HOW TO COMPLETE THIS TASK: The listing is to be returned word for word, without its images.
.....
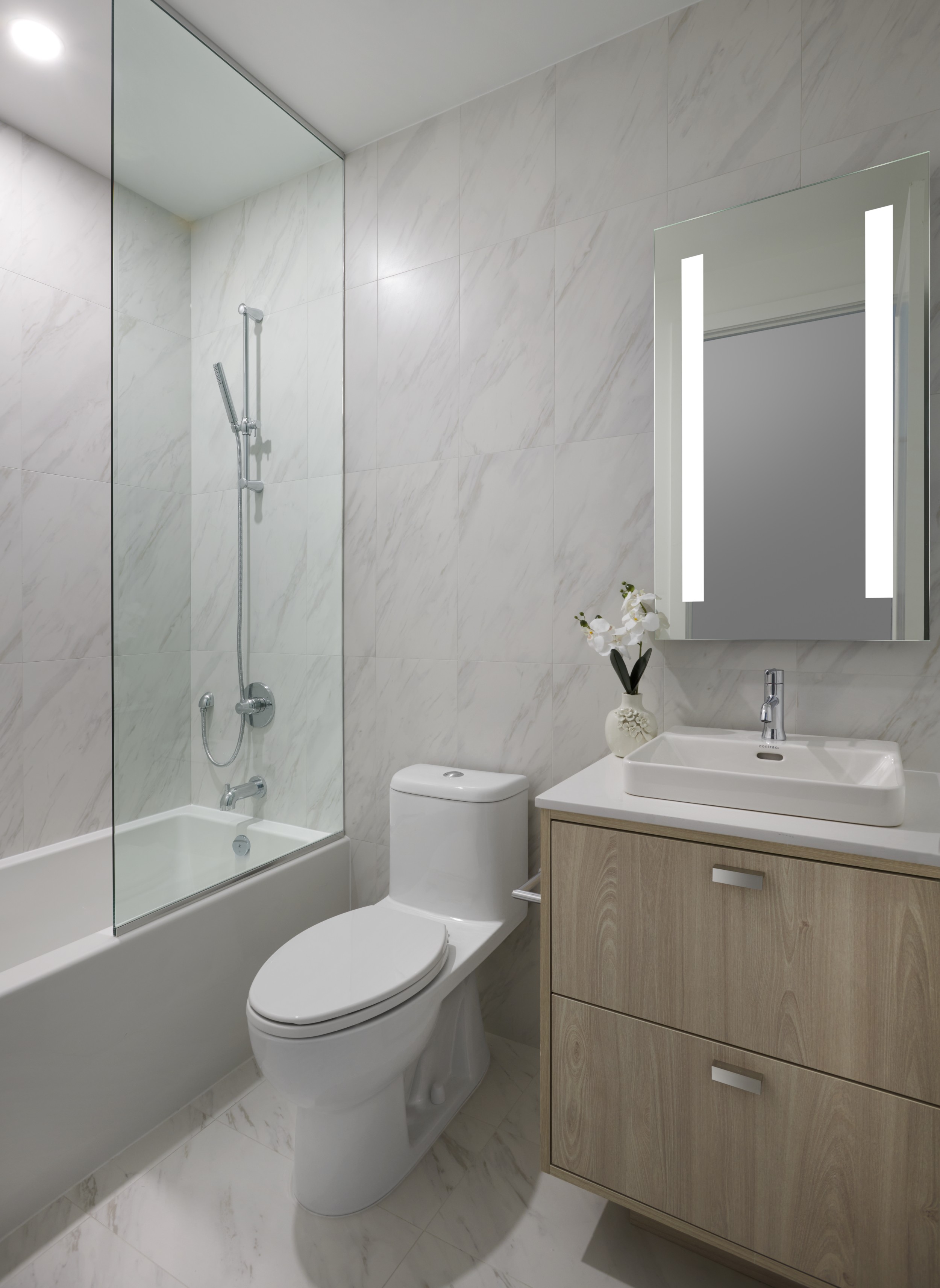 MRKT Suite 105 Secondary Bathroom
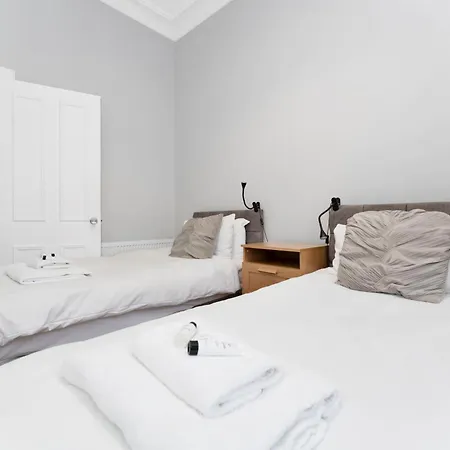 Modern Sleeps 6 Lägenhet Edinburg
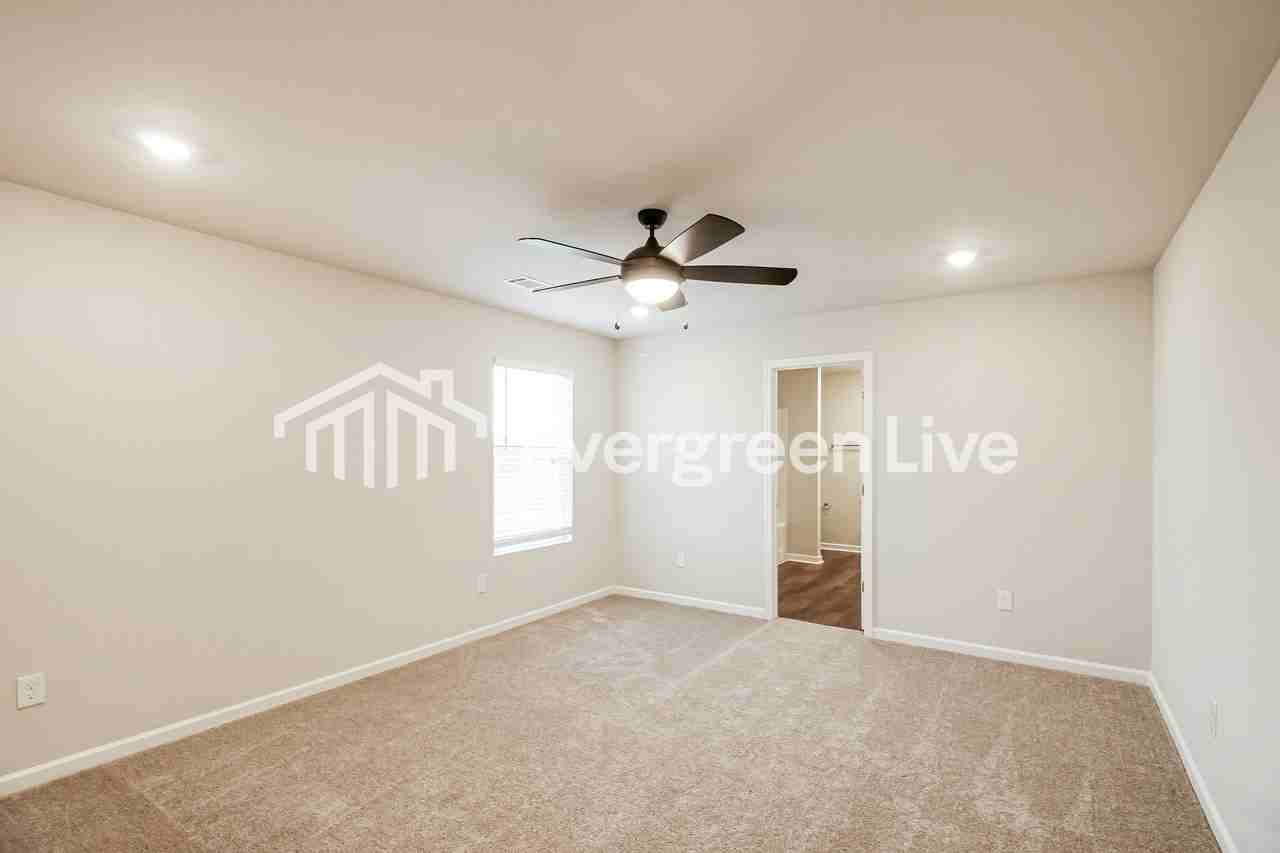 Stine Pl - Photo 7 of 15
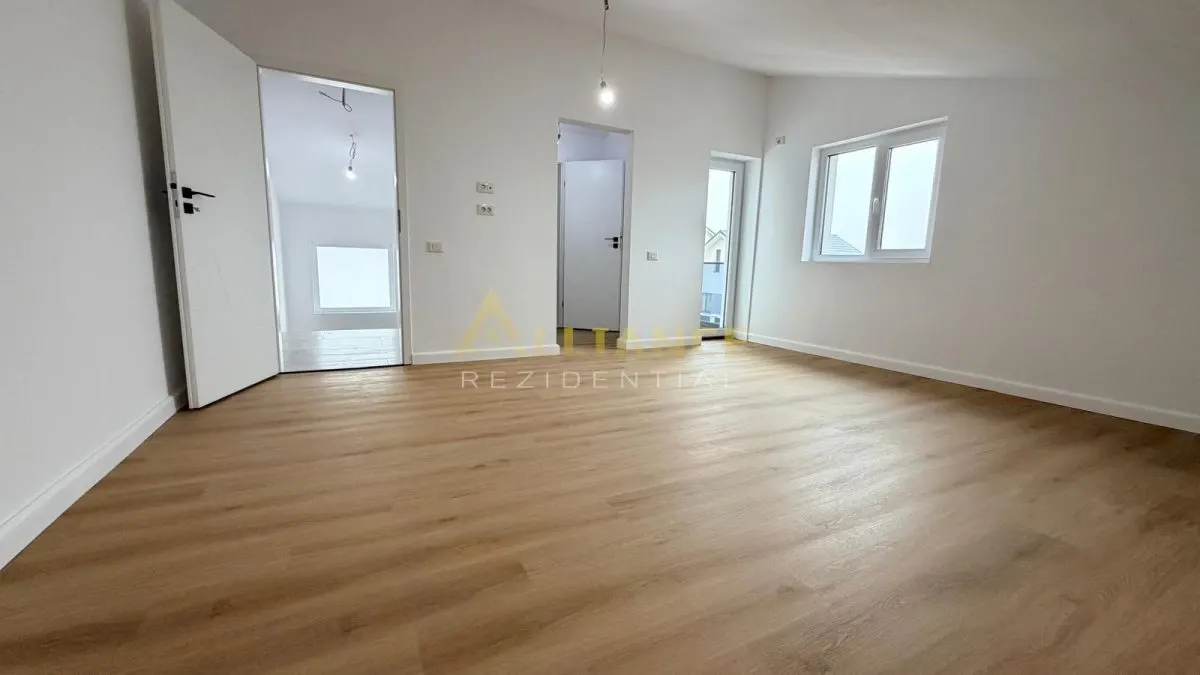 Casa individuala,materiale de calitate,incalzire in pardoseala. - foto 10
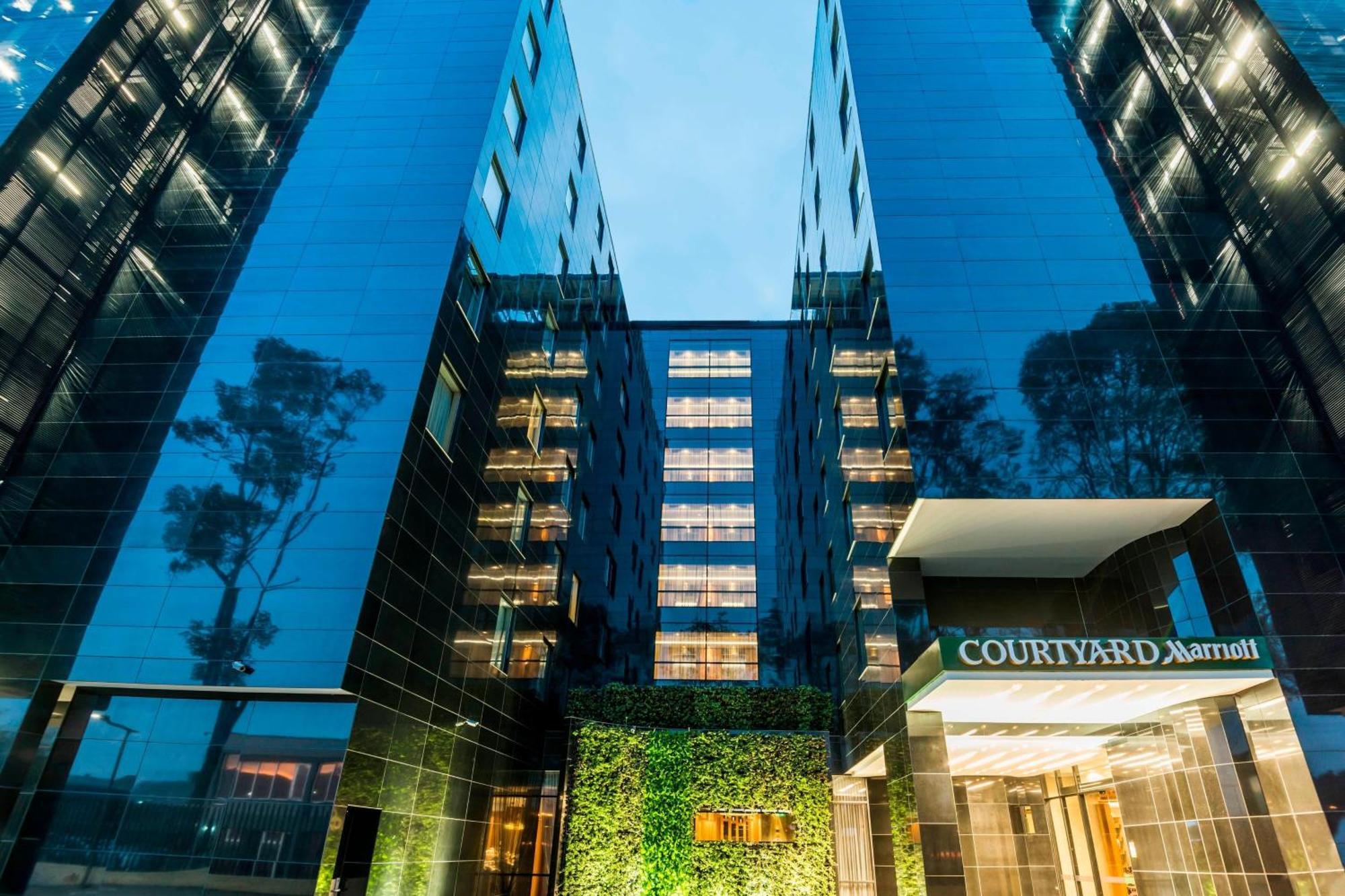 Hotel Courtyard By Marriott Airport 4*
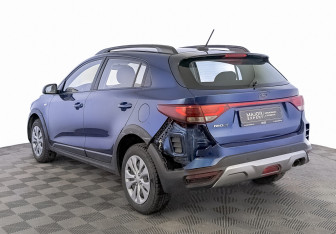 Подержанный автомобиль Kia Rio Hatchback 2021 года (7 фото)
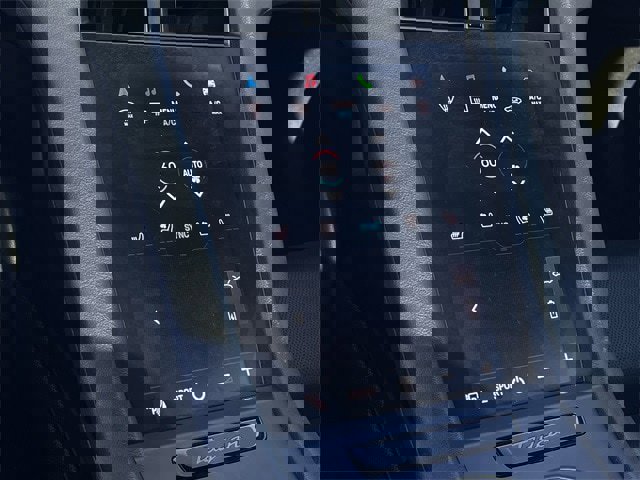 Used 2020 Porsche Taycan 4S image 19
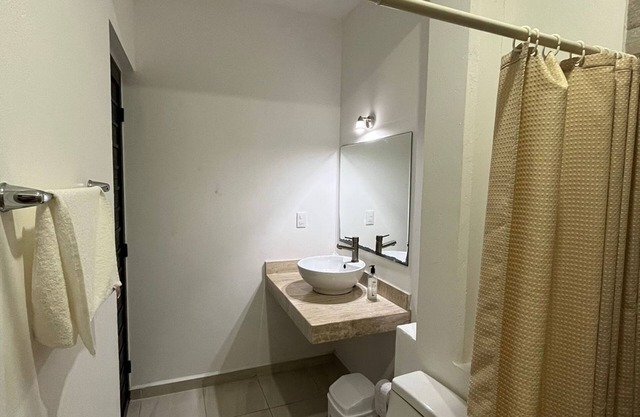 Studio on Cancun Downtown. Close to grocery stores, restaurants and bus stop.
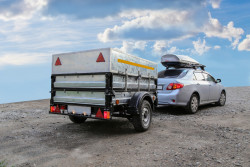 Quel permis est nécessaire pour tracter une remorque ou une caravane ?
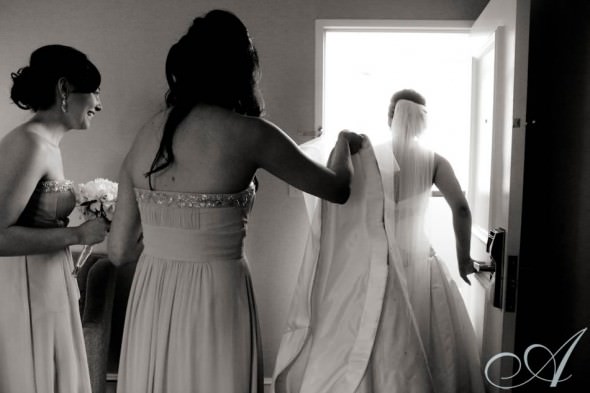 lisa_scott_boston_wedding- bride ready to meet her groom at boston hyatt regency downtown
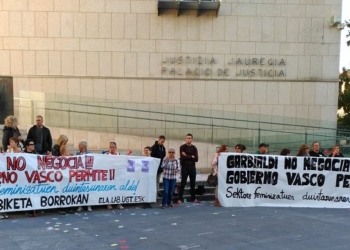 Una de las protestas de las trabajadoras de Garbialdi en comisarías y juzgados. Foto: ELA.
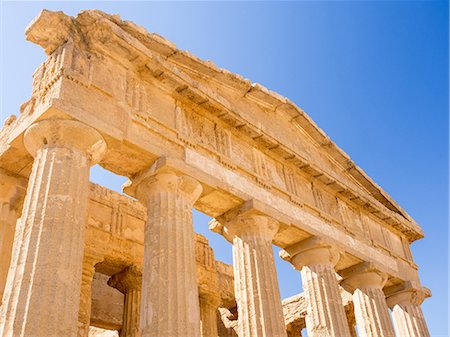 simsearch:6119-07443699,k - Temple of Concord, Greek ruins of Agrigento, UNESCO World Heritage Site, Sicily, Italy, Europe Foto de stock - Sin royalties Premium, Código: 6119-09074473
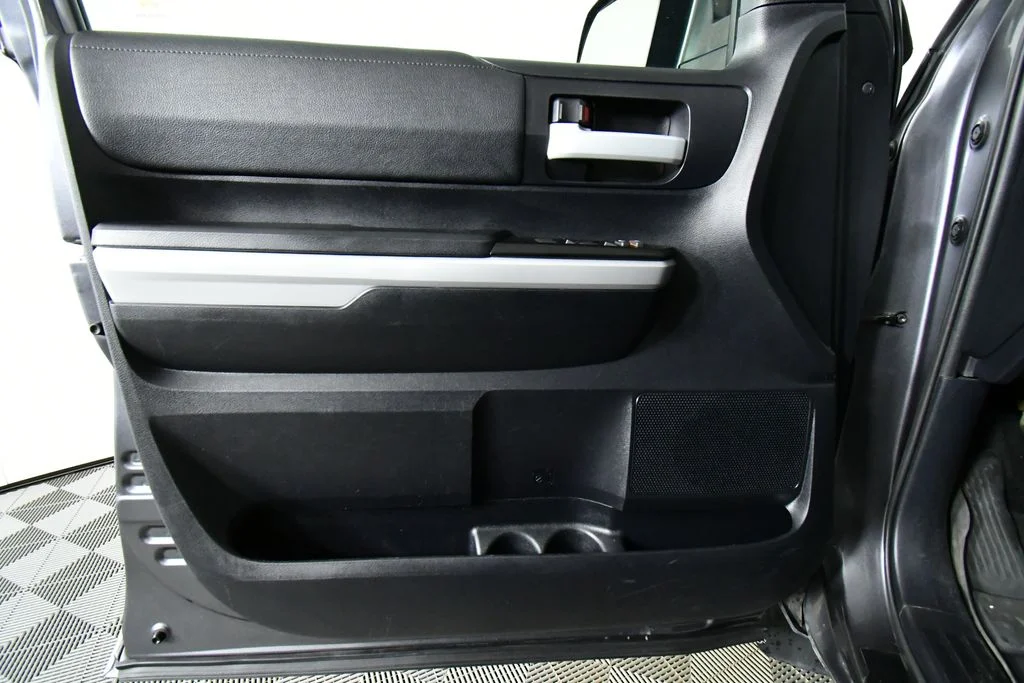2019 Toyota Tundra SR5 - Photo 21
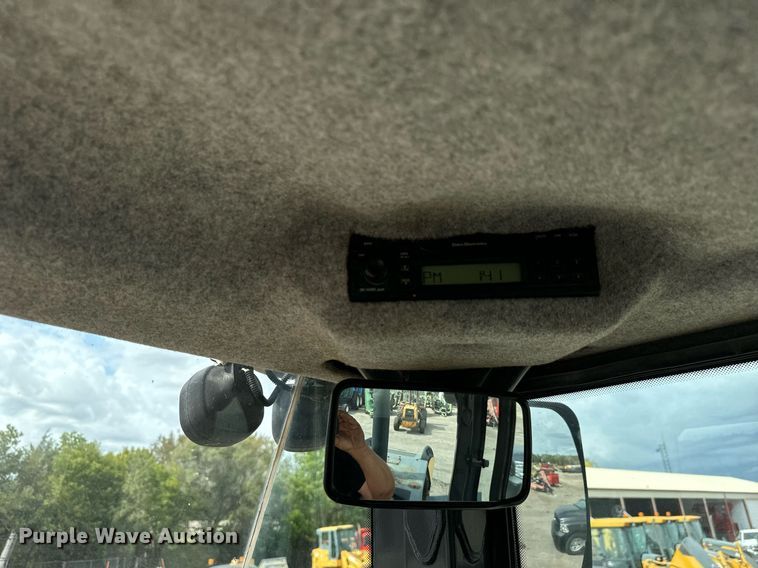 image for item DO1722 2006 John Deere 444J wheel loader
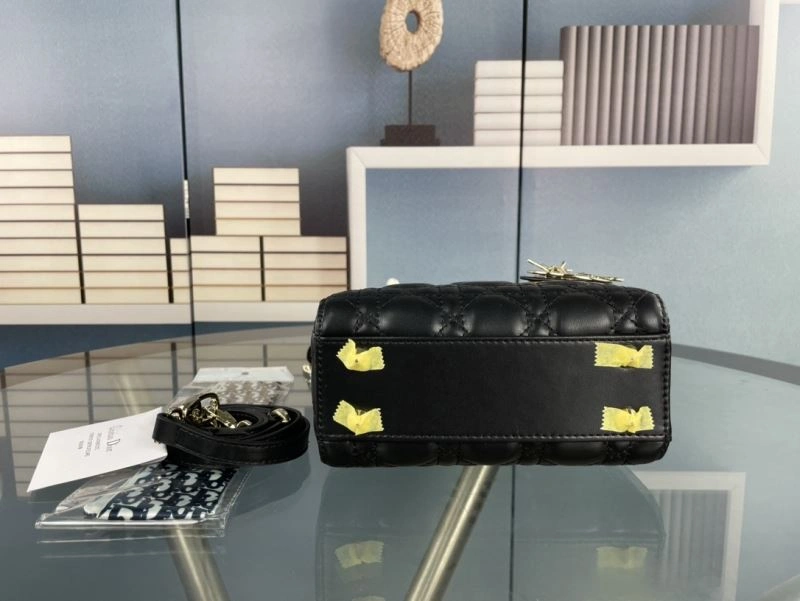 Minimalist Christian Dior Top Handle Bags 86165
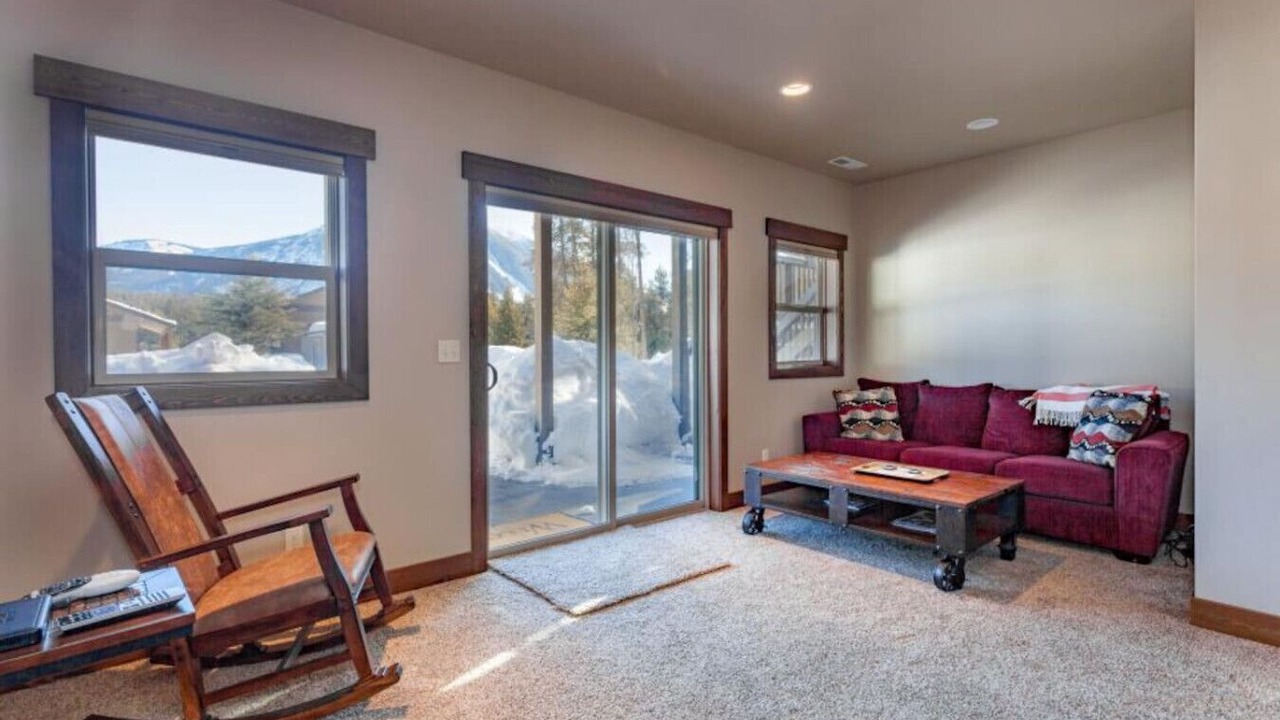 Photo of Livingroom in West Glacier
.....
FINAL ANSWER:
 MRKT Suite 105 Secondary Bathroom
 Modern Sleeps 6 Lägenhet Edinburg
 Stine Pl - Photo 7 of 15
 Casa individuala,materiale de calitate,incalzire in pardoseala. - foto 10
 Hotel Courtyard By Marriott Airport 4*
 Подержанный автомобиль Kia Rio Hatchback 2021 года (7 фото)
 Used 2020 Porsche Taycan 4S image 19
 Studio on Cancun Downtown. Close to grocery stores, restaurants and bus stop.
 Quel permis est nécessaire pour tracter une remorque ou une caravane ?
 lisa_scott_boston_wedding- bride ready to meet her groom at boston hyatt regency downtown
 Una de las protestas de las trabajadoras de Garbialdi en comisarías y juzgados. Foto: ELA.
 simsearch:6119-07443699,k - Temple of Concord, Greek ruins of Agrigento, UNESCO World Heritage Site, Sicily, Italy, Europe Foto de stock - Sin royalties Premium, Código: 6119-09074473
2019 Toyota Tundra SR5 - Photo 21
 image for item DO1722 2006 John Deere 444J wheel loader
 Minimalist Christian Dior Top Handle Bags 86165
 Photo of Livingroom in West Glacier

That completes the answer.